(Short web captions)
▼

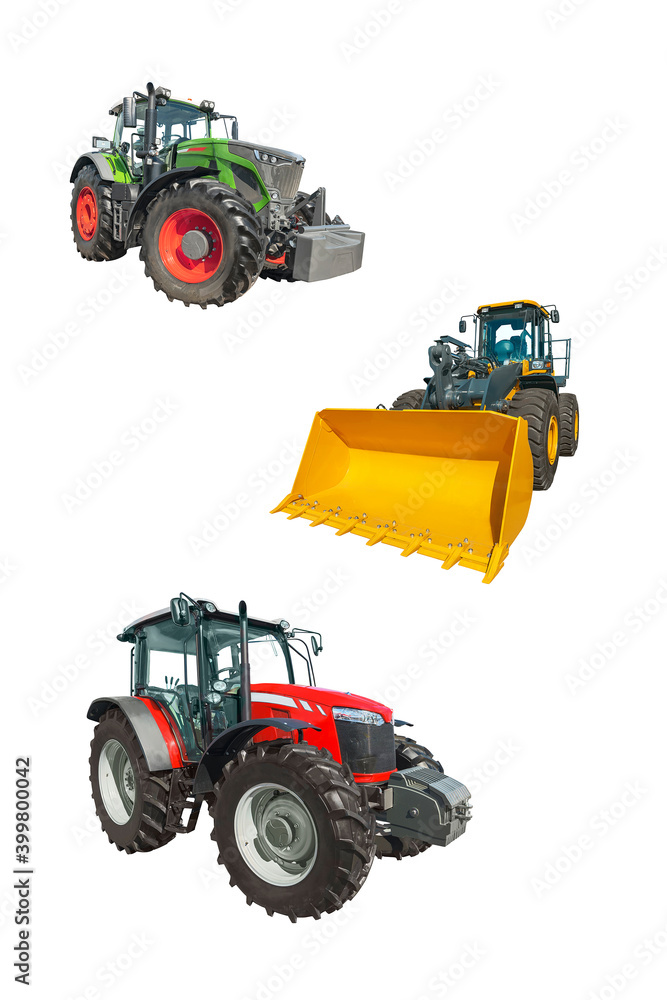 Obraz premium Front loaders for use in various areas of modern production. Isolated on white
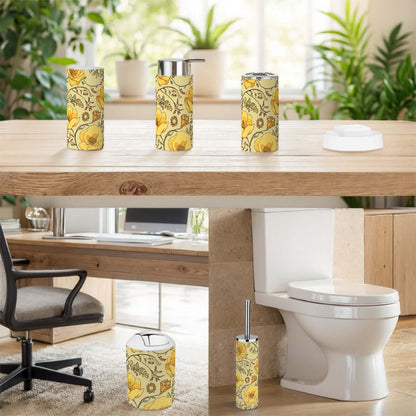 Badezimmer-Accessoires-Set, 5-teilig aus hochwertigem Kunststoff, leicht, wasserdicht, mit floralem Design, inklusive Zahnbürstenhalter.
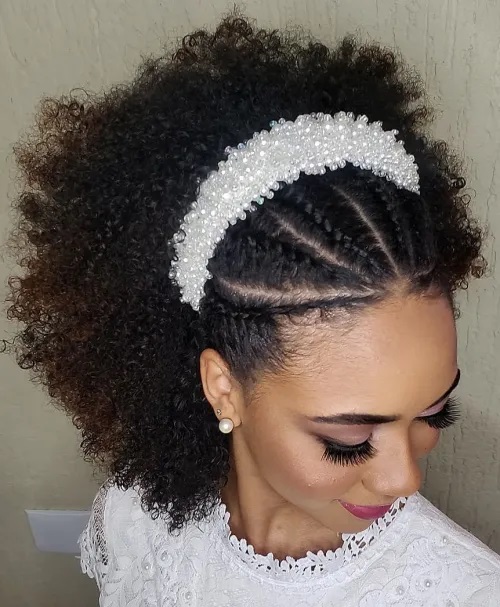 Front Cornrow Braid With Tiara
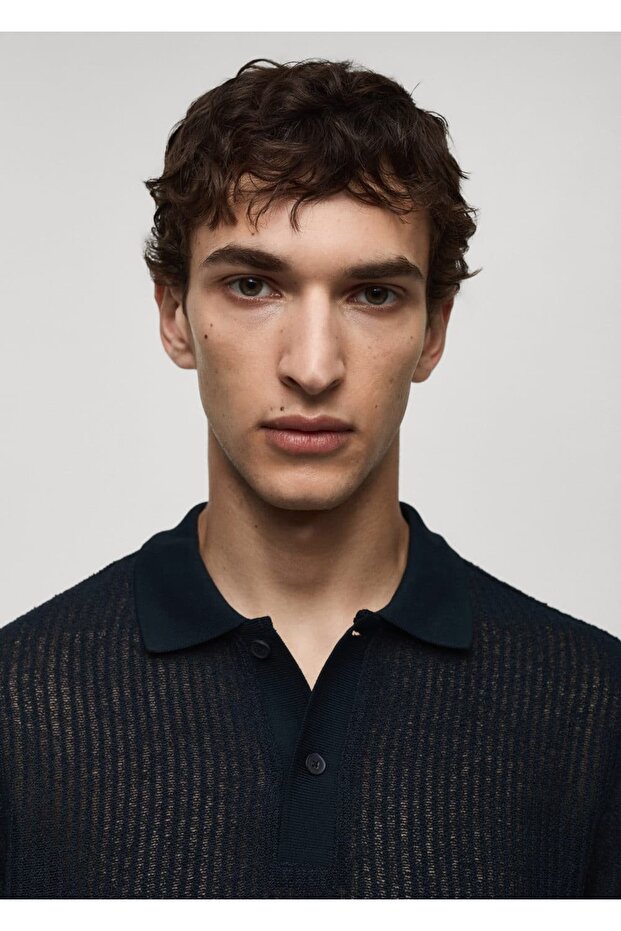Normal geschnittenes, durchbrochenes Strickpoloshirt - 5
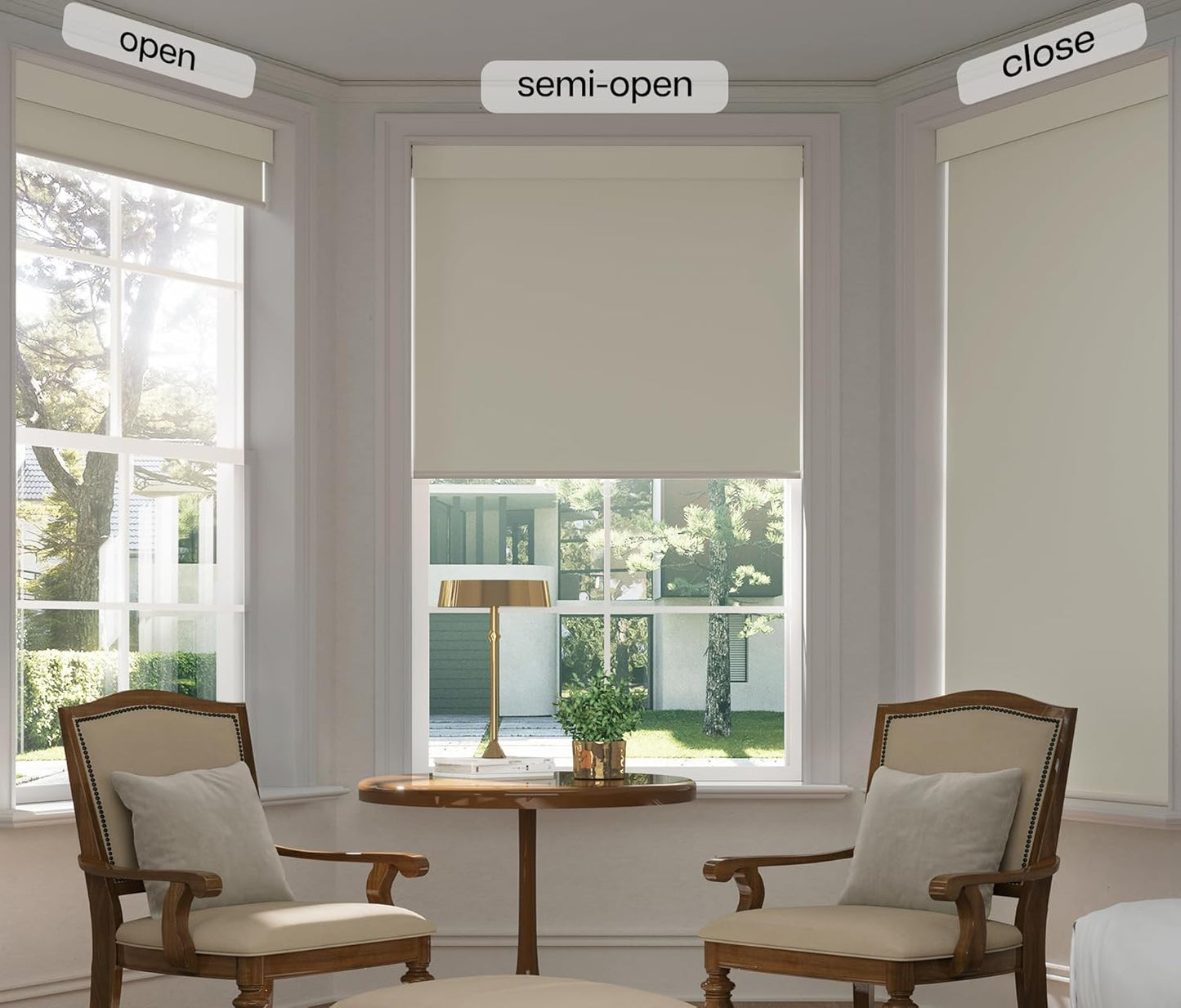 LazBlinds No Drill Blinds for Indoor Windows, Blackout Roller Shades, Cordless Window Blackout Blinds, Thermal Insulated Fabric UV Protection for Home and Office, 25" W x 48" H, Cream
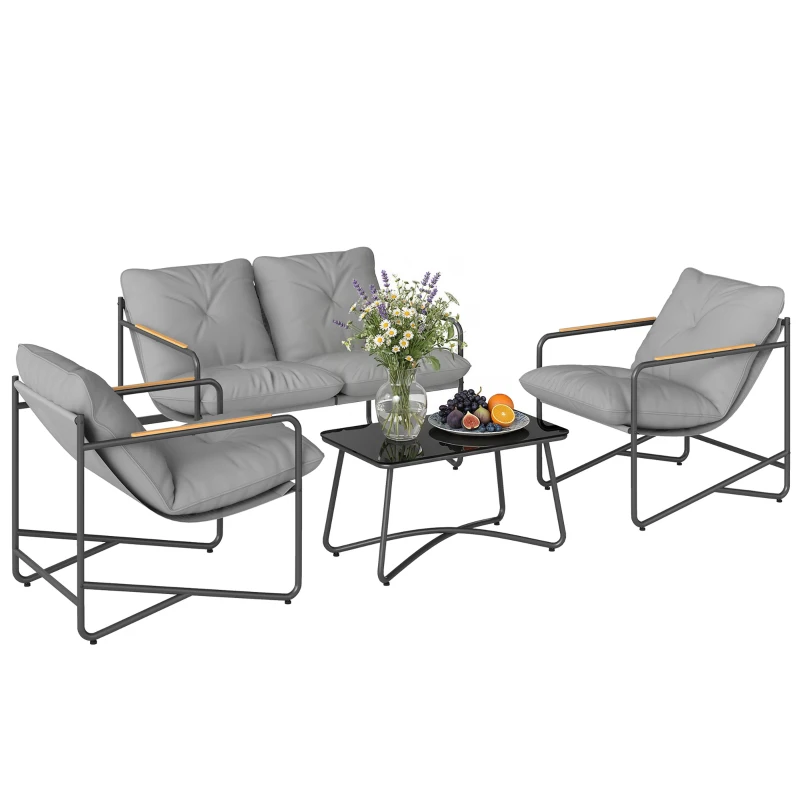Outsunny Salon de Jardin 4 Pièces Ensemble avec Canapé 2 Places, 2 Fauteuils et Table Basse Verre Trempé Coussins 13cm Gris Clair
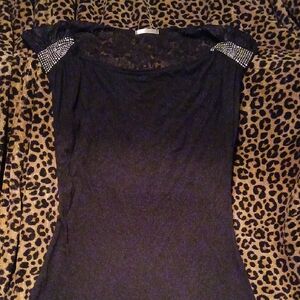 Black Sleeveless Top With Lace Back And Rhinestones On Shoulders Size Medium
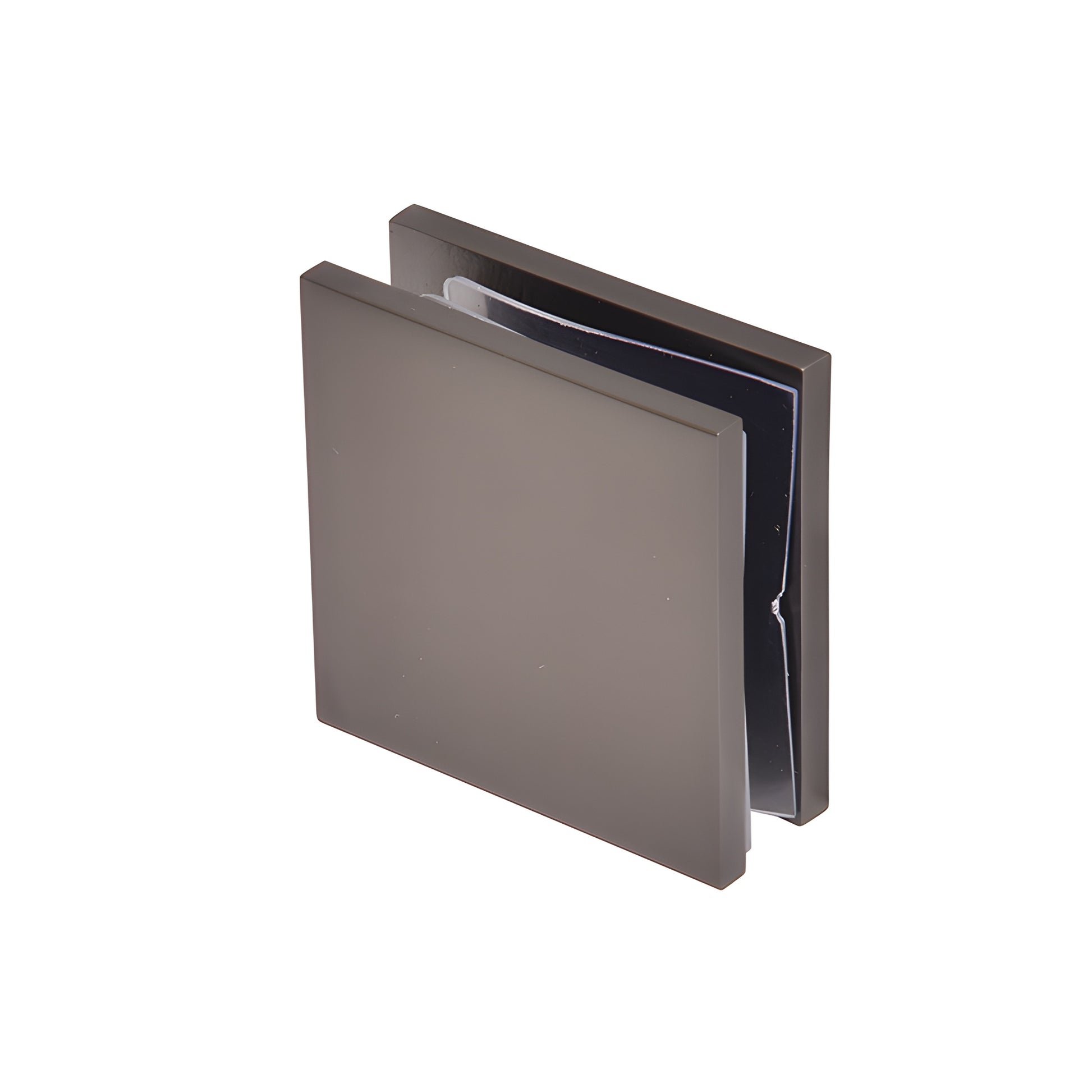 SCU4MGM matte gun metal brass square wall clamp for 3/8-1/2" (10-12mm) hole-in-glass shower panel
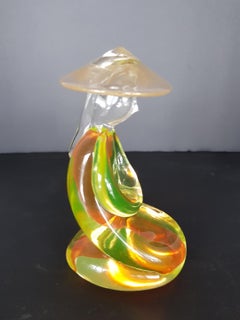 Uranium Glass Sommerso Art Murano Asian Figure Mid Century Modern Italian Seguso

▲

Copy the records exactly. Skip any pictures.

 Obraz premium Front loaders for use in various areas of modern production. Isolated on white
 Badezimmer-Accessoires-Set, 5-teilig aus hochwertigem Kunststoff, leicht, wasserdicht, mit floralem Design, inklusive Zahnbürstenhalter.
 Front Cornrow Braid With Tiara
Normal geschnittenes, durchbrochenes Strickpoloshirt - 5
 LazBlinds No Drill Blinds for Indoor Windows, Blackout Roller Shades, Cordless Window Blackout Blinds, Thermal Insulated Fabric UV Protection for Home and Office, 25" W x 48" H, Cream
Outsunny Salon de Jardin 4 Pièces Ensemble avec Canapé 2 Places, 2 Fauteuils et Table Basse Verre Trempé Coussins 13cm Gris Clair
 Black Sleeveless Top With Lace Back And Rhinestones On Shoulders Size Medium
 SCU4MGM matte gun metal brass square wall clamp for 3/8-1/2" (10-12mm) hole-in-glass shower panel
 Uranium Glass Sommerso Art Murano Asian Figure Mid Century Modern Italian Seguso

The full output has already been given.